Par , 15 octobre 2019

The Royal Ballet has added to the centenary celebrations of Merce Cunningham (born April 1919, died July 2009) with a brief programme, curated by director Kevin O’Hare, which ties together chronologically a classic work by that titan of modern dance; another that Cunningham is said to have inspired from The Royal Ballet’s Founder Choreographer, Sir Frederick Ashton; and a new commission from the New York-based choreographer, Pam Tanowitz, that keeps the Cunningham flame aglow.

If Cunningham inspired Ashton to make Monotones II, his company’s regular visits to London had no notable impact on The Royal Ballet itself, which until now had never performed his work. Cross Currents was premiered in London, in 1964, with Cunningham as the male dancer continually intersecting along geometrical passageways with two women. On this occasion, Joseph Sissens had the honour of performing Cunningham’s steps, alongside Romany Pajdak and Julia Roscoe.

There are many works by Cunningham that I would clamber over others to see (Pond Way, BIPED for example) but Cross Currents is not one for my A list. It is rather too sparse, Spartan and academic for my liking: austerely performed with eyes-wide-opened military precision in steps and turns that churn incongruously against music that appears to be the cat walking across piano keys. The choreography and isorhythmic music (three player piano studies by the late Mexican-based composer Conlon Nancarrow) were, of course, unrelated, although Nancarrow’s studies were composed and recorded some years prior to Cunningham’s choreography.

Two Cunningham works to the music of Erik Satie – Nocturnes and Septet – were performed in the same London season as Cross Currents, reminding Ashton of the ethereal poetry of the music and reviving his ideas for dance as an abstract amalgam of form and space. Monotones II – first performed at a gala in 1965 – was the outcome (a Monotones I was front-ended a year later to make a longer work).

Other than the abstract, it is hard to see any link between Cunningham and Ashton. The former divorced music and movement; the latter turned them into an everlasting love affair. Monotones II is such a beautiful exposition of pure musicality in subdued neoclassical dance, performed in futuristic unisex unitards, so tight as to leave the performers appearing to be naked, albeit painted in white. The landscape of their musculature is engraved through the fabric with every rib and sinew athletically exposed in this aesthetic of strength and vulnerability.

Two men (David Donnelly and Téo Dubreuil) seem to honour and serve an alien divinity (Gina Storm-Jensen, utterly captivating) in a flow of neoclassical movement that is both sequential and seamless, sublimely interlaced with the form of Satie’s ubiquitous piano music (beautifully performed by Robert Clark). After throwing off a slightly nervous start, the trio danced superbly.

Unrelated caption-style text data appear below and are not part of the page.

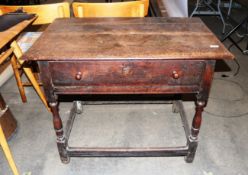 A late 17th Century oak side table fitted with single drawer and overhanging plank top, raised on
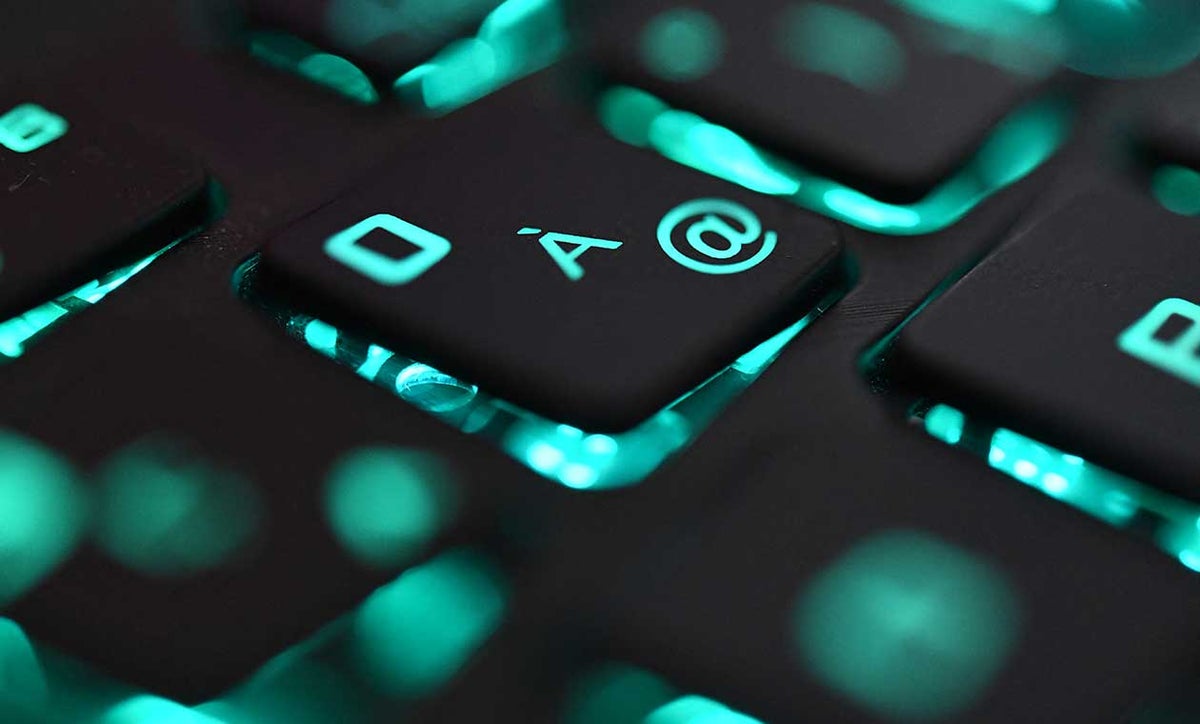 Teclado de computador de color negro con luces azules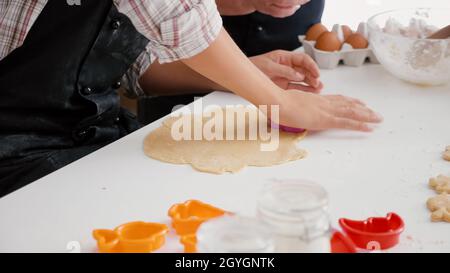 Enkelin Whit Großmutter bereitet köstliche Lebkuchen Dessert mit Kochen Form Backen in Weihnachten dekorierten Küche. Glückliche Familie genießen Wintersaison feiern weihnachtsferien Stockfoto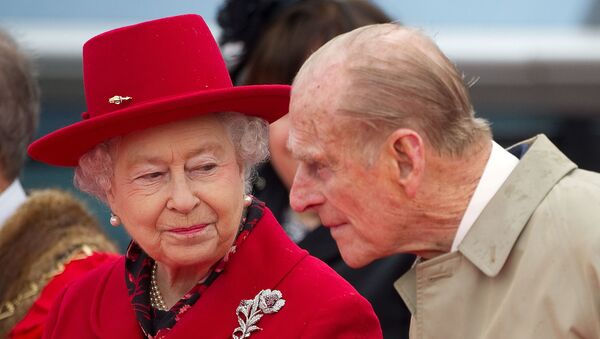 Britain's Queen Elizabeth speaks to her husband Prince Philip as they attend the official re-opening of the Cutty Sark in Greenwich, London  April 25, 2012. - Sputnik International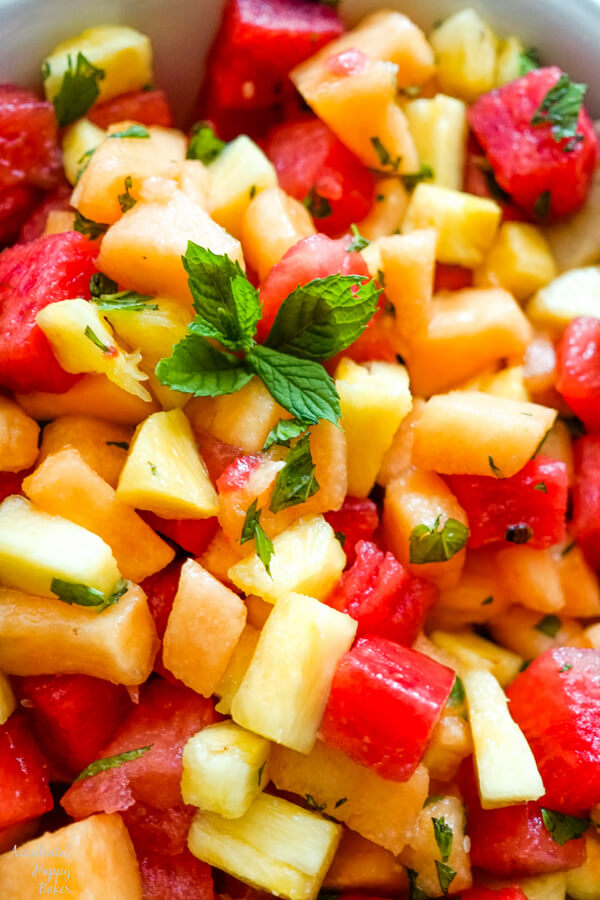 A close up image of watermelon fruit salad that shows the blend of watermelon, cantaloupe, pineapple, and fresh mint. 
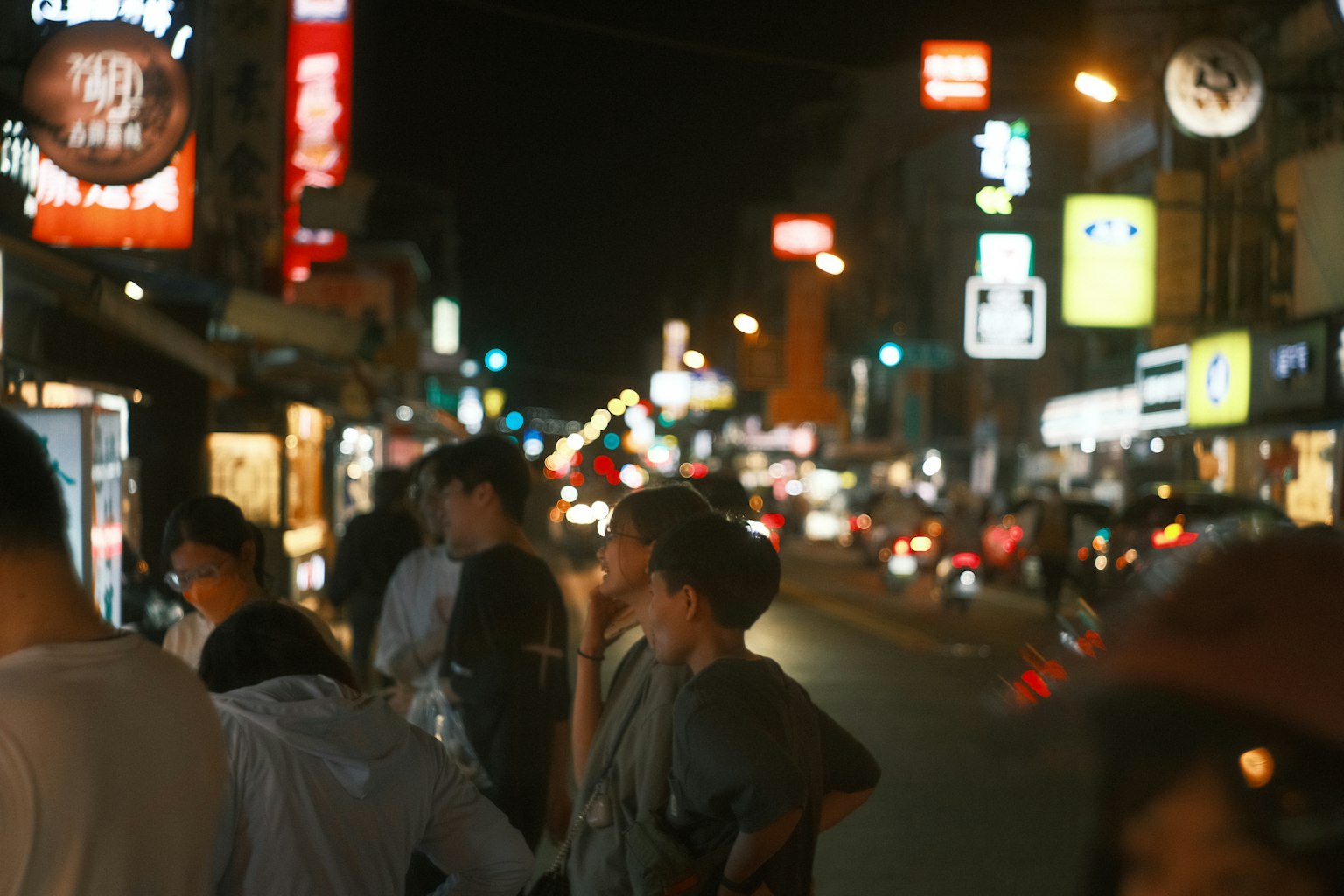 ถนนยามค่ำคืนที่คึกคักพร้อมป้ายไฟนีออนและผู้คน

I missed Pam Tanowitz’s Four Quartets, which served as this choreographer’s calling card to London when performed at The Barbican, last May, and it is clear that the plaudits she received back then were no one-off. This ensemble piece for nine dancers is performed to Ted Hearne’s first string quartet, entitled Exposure, which is both inviting and unsettling in roughly equal measure. Ironically, the musical structure seemed better suited to Cross Currents than Nancarrow’s etudes, particularly in the way in which segments of music intersect with one another instead of forming an immersive whole. Hearne seems to lay as much attention onto the bowing techniques as the musical notes, squeezing multiple variances from the instruments.

Tanowitz’s work has humour and charm with the dancers intimately connected through glances and smiles that pass between them. It is a slice of vintage Americana given a modern twist; a private event, perhaps in a remote location that we are glimpsing from a hideaway. The group comprises four identically-dressed men and five women in flowing, open dresses of different pastel shades. They start and end together, disaggregating into many permutations in between. There are no leaders or followers in this egalitarian gathering and each of the dancers has their moments to shine. They hold classical shapes one moment, are two-dimensional cut-outs the next (like Nijinsky’s patterns from an urn) and then they may joyously roll across the floor. It is an ensemble piece but my eye was continually drawn to the central serenity of Anna Rose O’Sullivan and the effervescence of Fumi Kaneko (the yellow dress helped).

The best one can say about Everyone Keeps Me is that it seemed well-placed alongside two classic works that have survived for more than fifty years: the worst is that the piece was performed over just two nights. Bring it back soon and on the main stage, too. It’s worth it.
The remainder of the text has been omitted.